Within a self-sufficient economy, common to the Middle Ages, a traditional household would ordinarily produce every good necessary for day to day life. In these circumstances, oil was obtained using methods perfected over time, starting from manually operated fulling mills to water mills and screw presses.
Performance levels particularly rose when artisans of the day solved a major mechanical issue: converting circular motion to translational movement by introducing the camshaft.
Constructed with bucket or paddle elements, the water wheel has a long history of being integral in the grain grinding process. In this new technological context, the wheel is set up on an axle which lifts the stamp battery, the blades of the saws, the hammers of the fulling mill or the mallets used in smithies.
Artisans from Valea Mică – Zlatna, Alba County, were introduced to this modern technology as well, which led to the construction of an up-to-date oil press. This building was acquired by the Village Museum in 1967 and is displayed in a shed that demonstrates a strong archaic character: six wooden pillars are surrounded by a low stone wall propping a straw hip roof.
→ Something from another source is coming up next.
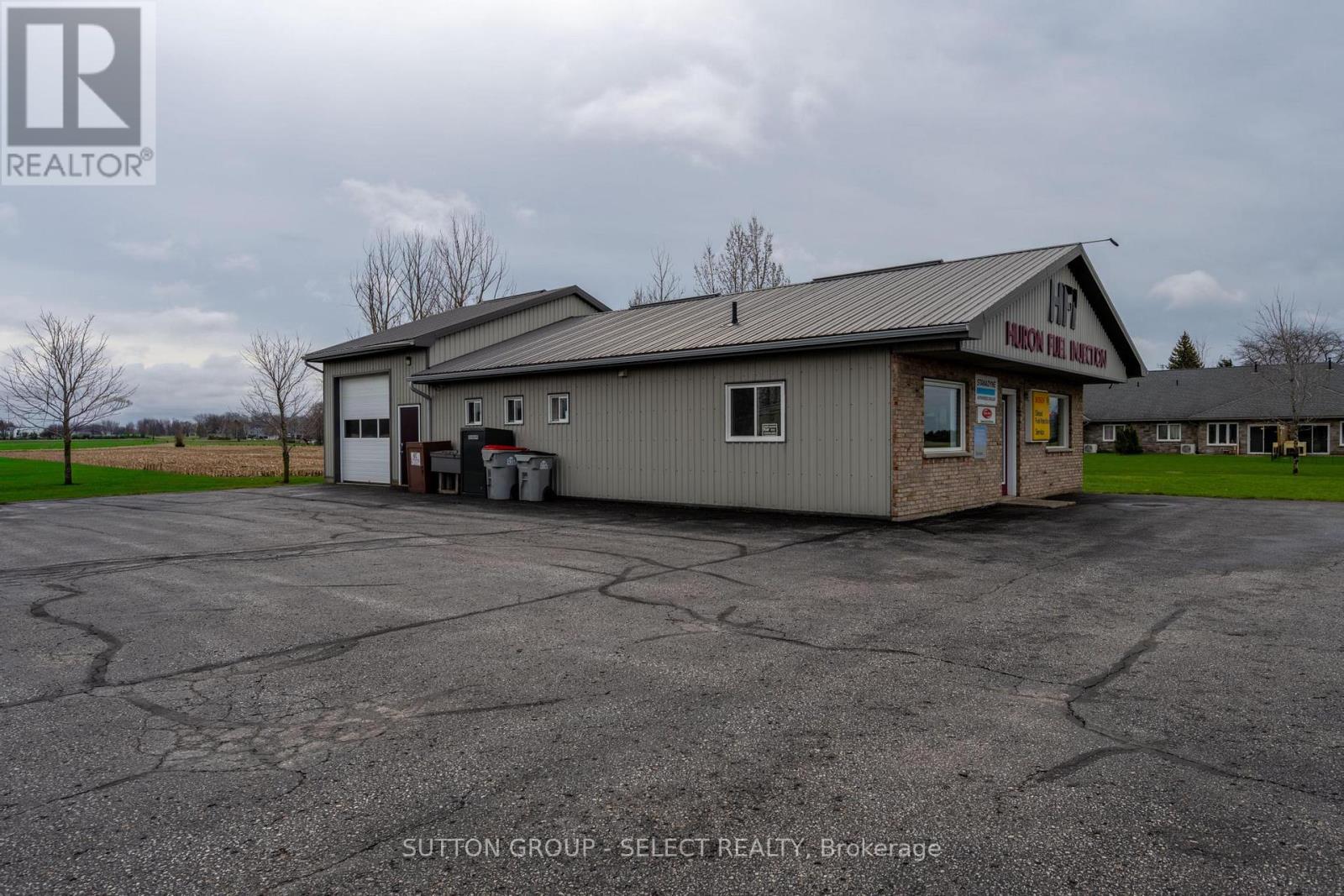 77242 LONDON ROAD - 28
Built in the 19th century, the installation comprises two basic wood devices: the actual press, devised to crush the seeds, and the collection basket. Fashioned with a metal stove, the adjacent furnace was used for baking the flour.
Held in an upright position with the aid of a horizontally fixed axle and tied up to a wooden pole, a mobile stone wheel was housed under the same roof. This notable installation would serve as an apple and pear – usually of the wild variety – crusher. The juice thus obtained would be turned to vinegar through fermentation. In other regions, this mechanism was also used for grinding oleaginous seeds.